▸ Task to carry out
Quote, word for word, the line containing "Men's Levi Lt. Blue Jeans Relaxed" and all lines that follow it to the end of the records, with no pictures.

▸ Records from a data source
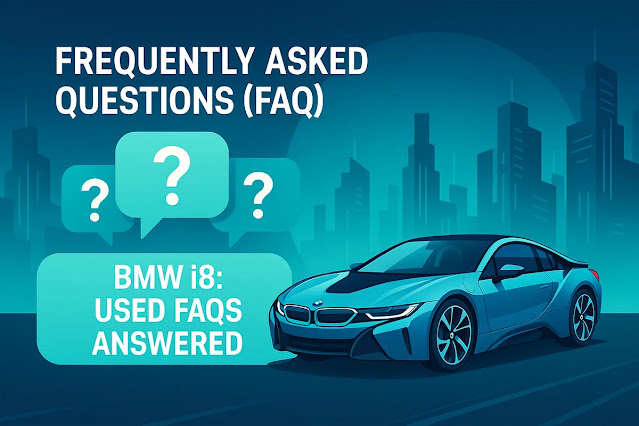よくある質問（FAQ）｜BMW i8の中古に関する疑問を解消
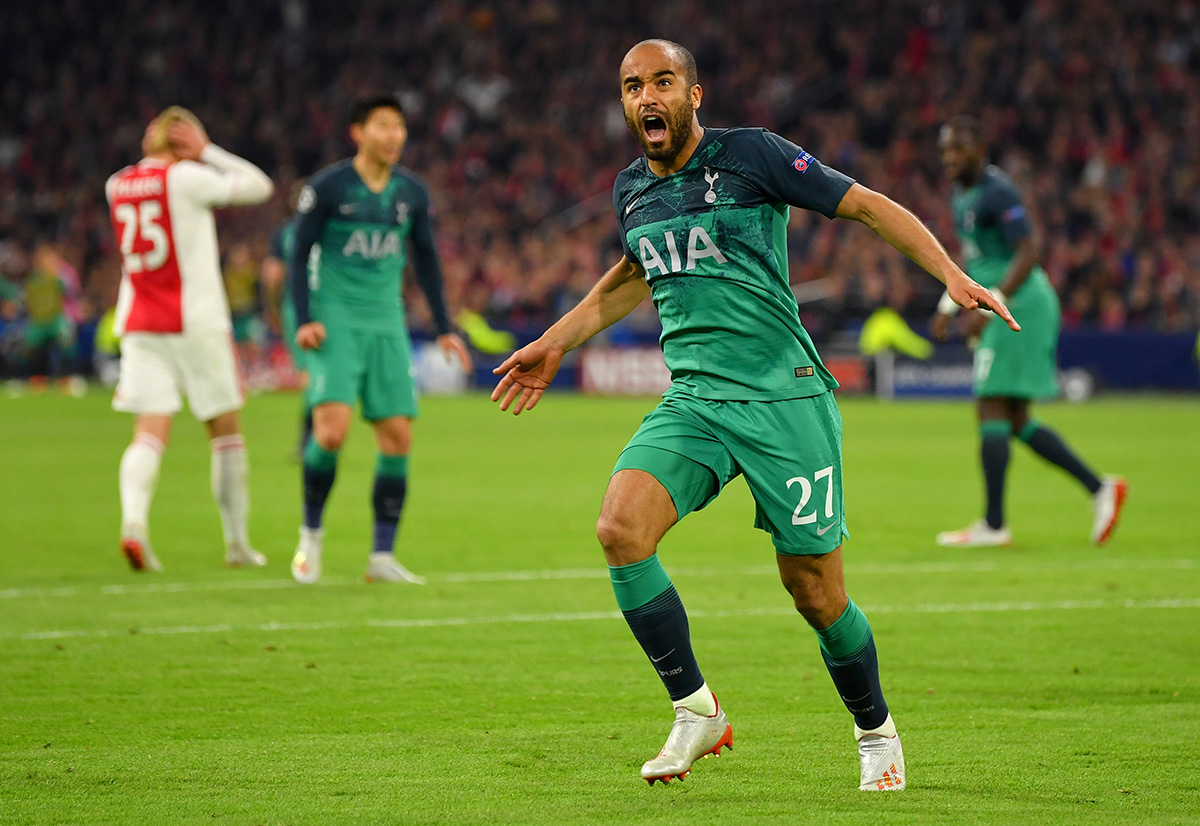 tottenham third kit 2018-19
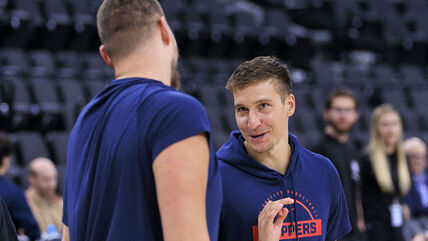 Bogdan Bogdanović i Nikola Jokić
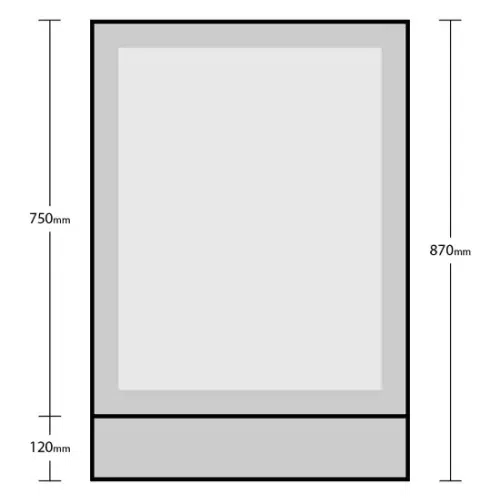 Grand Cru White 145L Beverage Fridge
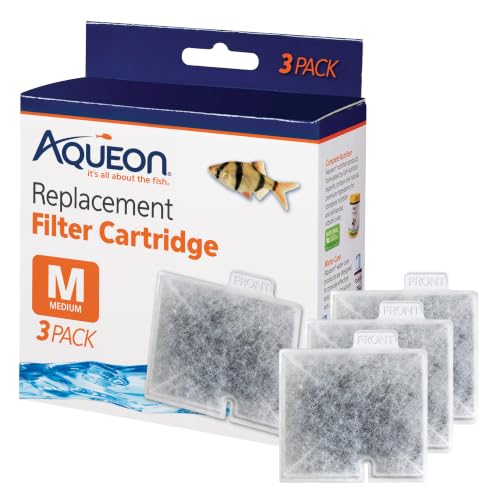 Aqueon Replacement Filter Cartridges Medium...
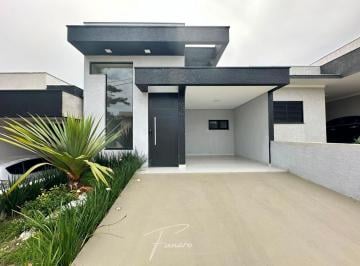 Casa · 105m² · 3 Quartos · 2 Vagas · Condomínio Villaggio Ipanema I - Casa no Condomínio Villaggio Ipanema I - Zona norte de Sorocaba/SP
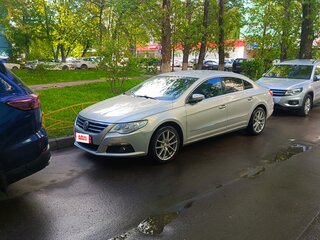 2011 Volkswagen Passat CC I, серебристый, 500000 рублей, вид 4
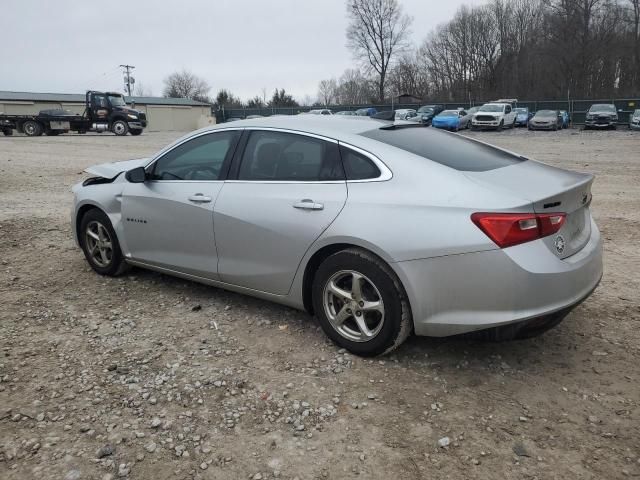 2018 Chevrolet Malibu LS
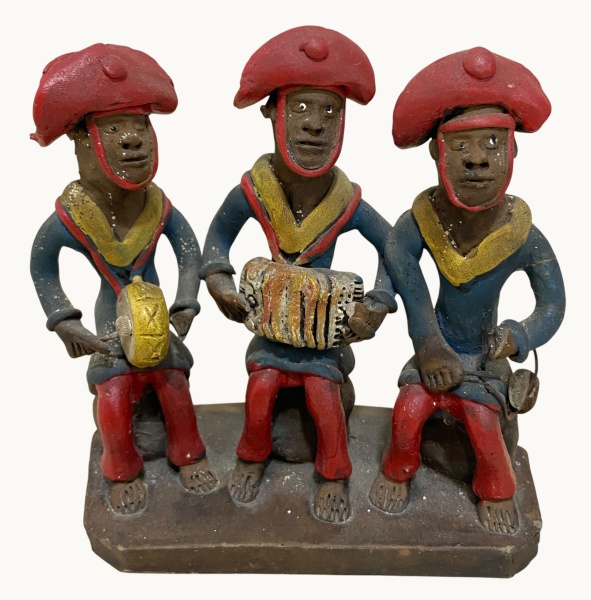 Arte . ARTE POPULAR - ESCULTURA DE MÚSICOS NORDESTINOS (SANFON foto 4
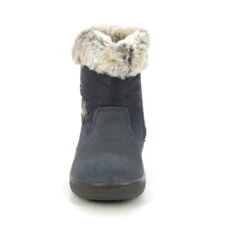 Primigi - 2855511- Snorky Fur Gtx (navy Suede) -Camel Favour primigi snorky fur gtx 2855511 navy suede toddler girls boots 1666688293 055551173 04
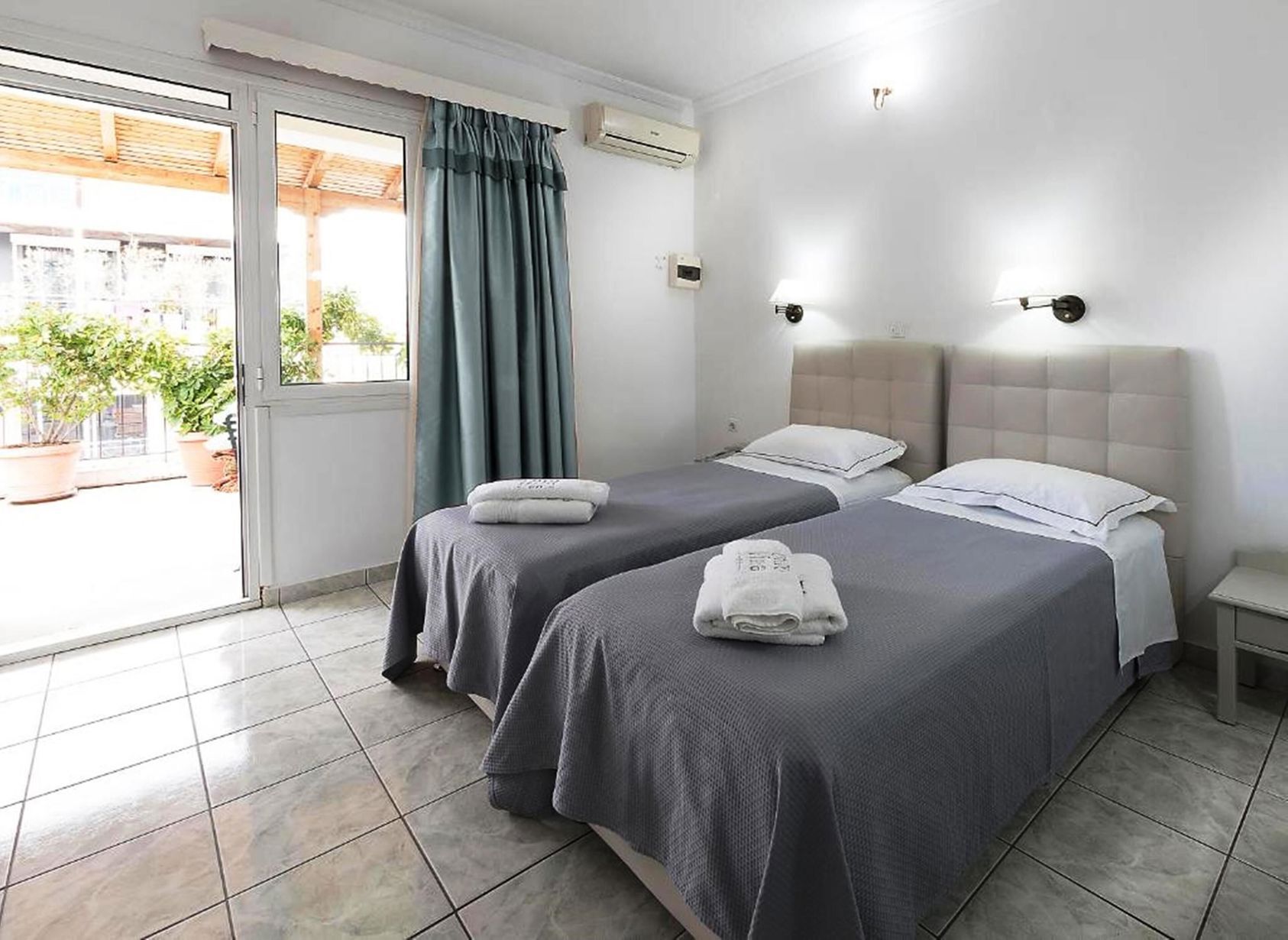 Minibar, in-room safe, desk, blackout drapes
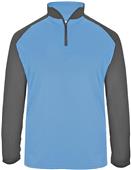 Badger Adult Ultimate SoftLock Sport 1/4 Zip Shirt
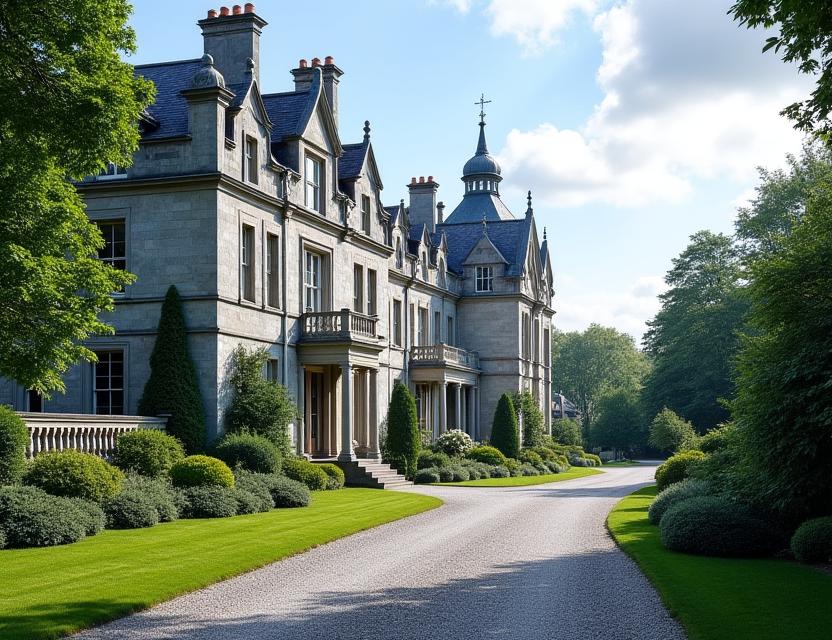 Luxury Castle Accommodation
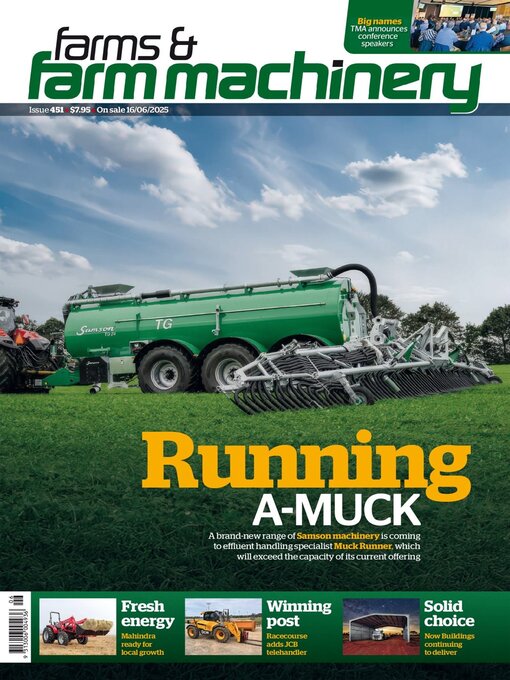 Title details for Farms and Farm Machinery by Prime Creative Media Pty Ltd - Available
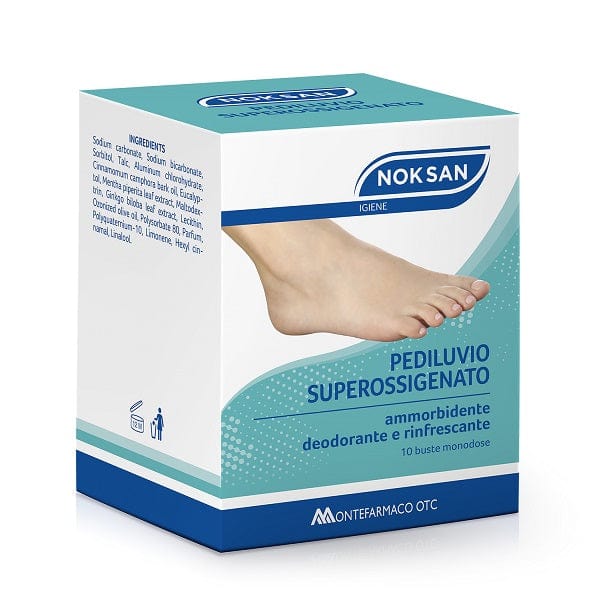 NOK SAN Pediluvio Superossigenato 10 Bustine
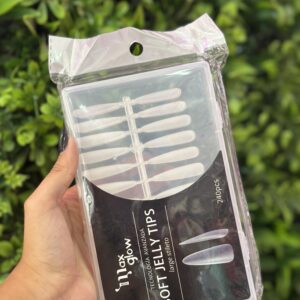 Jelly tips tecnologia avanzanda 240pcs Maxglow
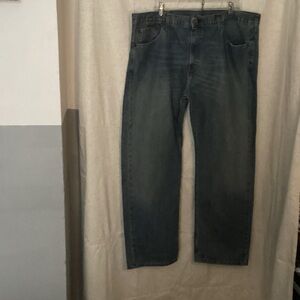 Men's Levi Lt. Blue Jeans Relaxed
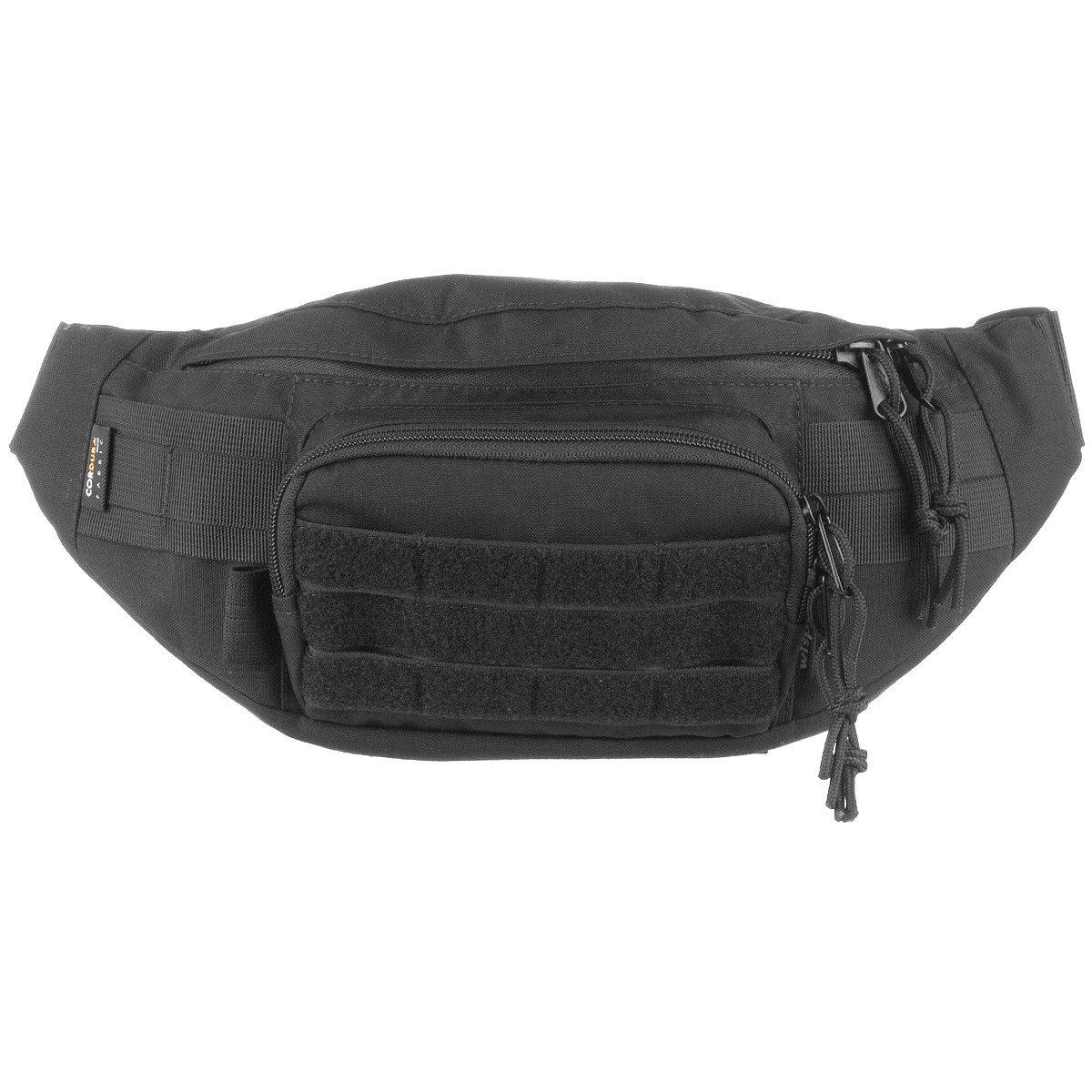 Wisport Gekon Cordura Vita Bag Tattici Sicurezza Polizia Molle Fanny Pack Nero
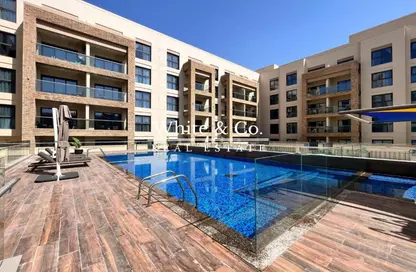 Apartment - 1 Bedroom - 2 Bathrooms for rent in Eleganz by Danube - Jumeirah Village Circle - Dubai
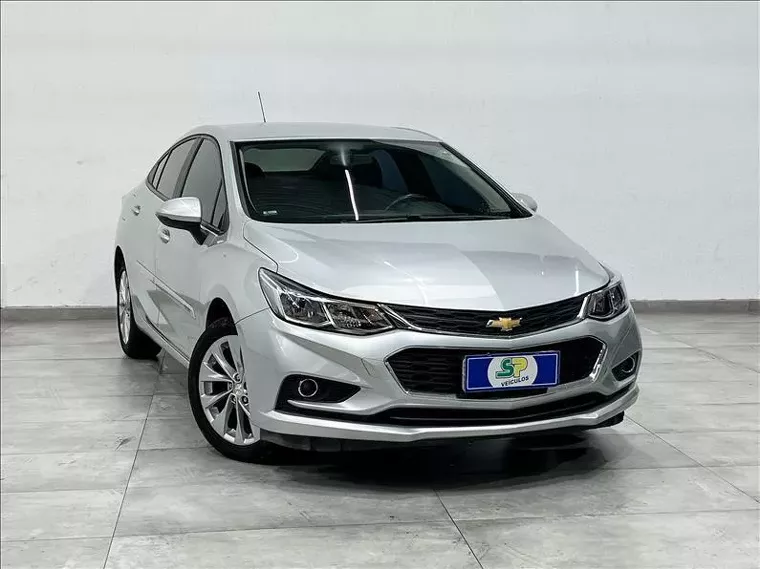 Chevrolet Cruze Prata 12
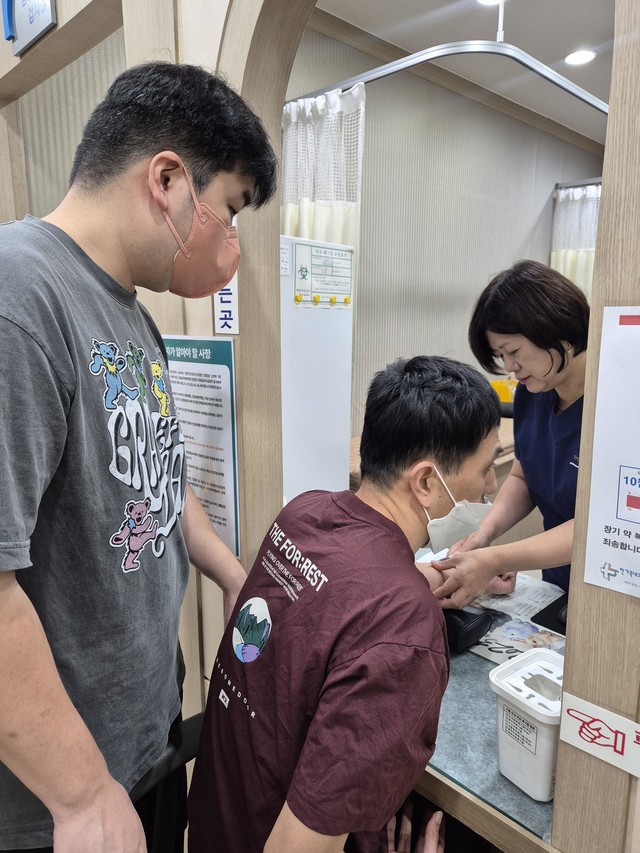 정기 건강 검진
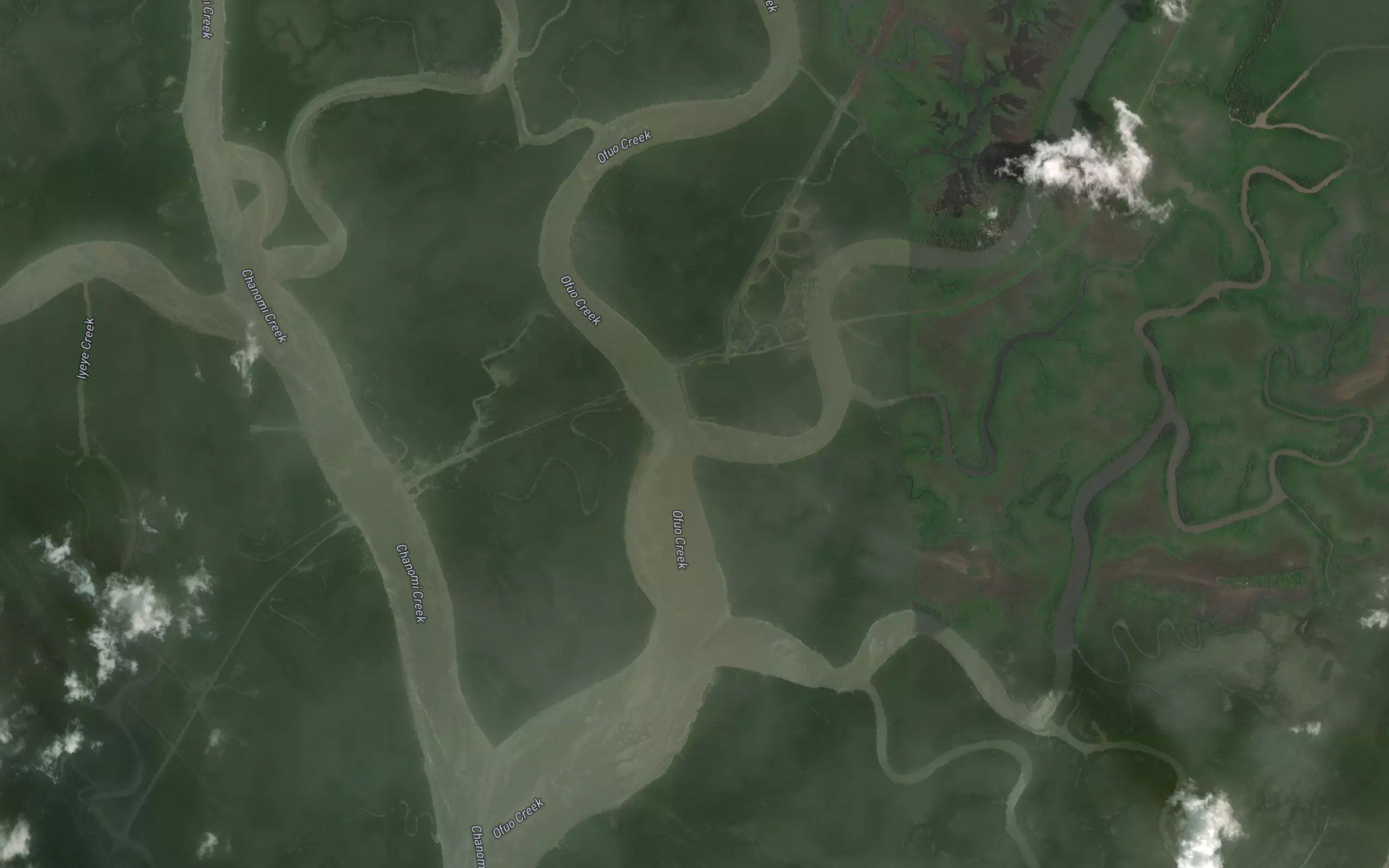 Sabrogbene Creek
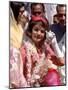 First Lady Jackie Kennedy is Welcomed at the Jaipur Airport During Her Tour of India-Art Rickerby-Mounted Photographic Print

▸ Finished task
 Men's Levi Lt. Blue Jeans Relaxed
 Wisport Gekon Cordura Vita Bag Tattici Sicurezza Polizia Molle Fanny Pack Nero
 Apartment - 1 Bedroom - 2 Bathrooms for rent in Eleganz by Danube - Jumeirah Village Circle - Dubai
 Chevrolet Cruze Prata 12
 정기 건강 검진
 Sabrogbene Creek
 First Lady Jackie Kennedy is Welcomed at the Jaipur Airport During Her Tour of India-Art Rickerby-Mounted Photographic Print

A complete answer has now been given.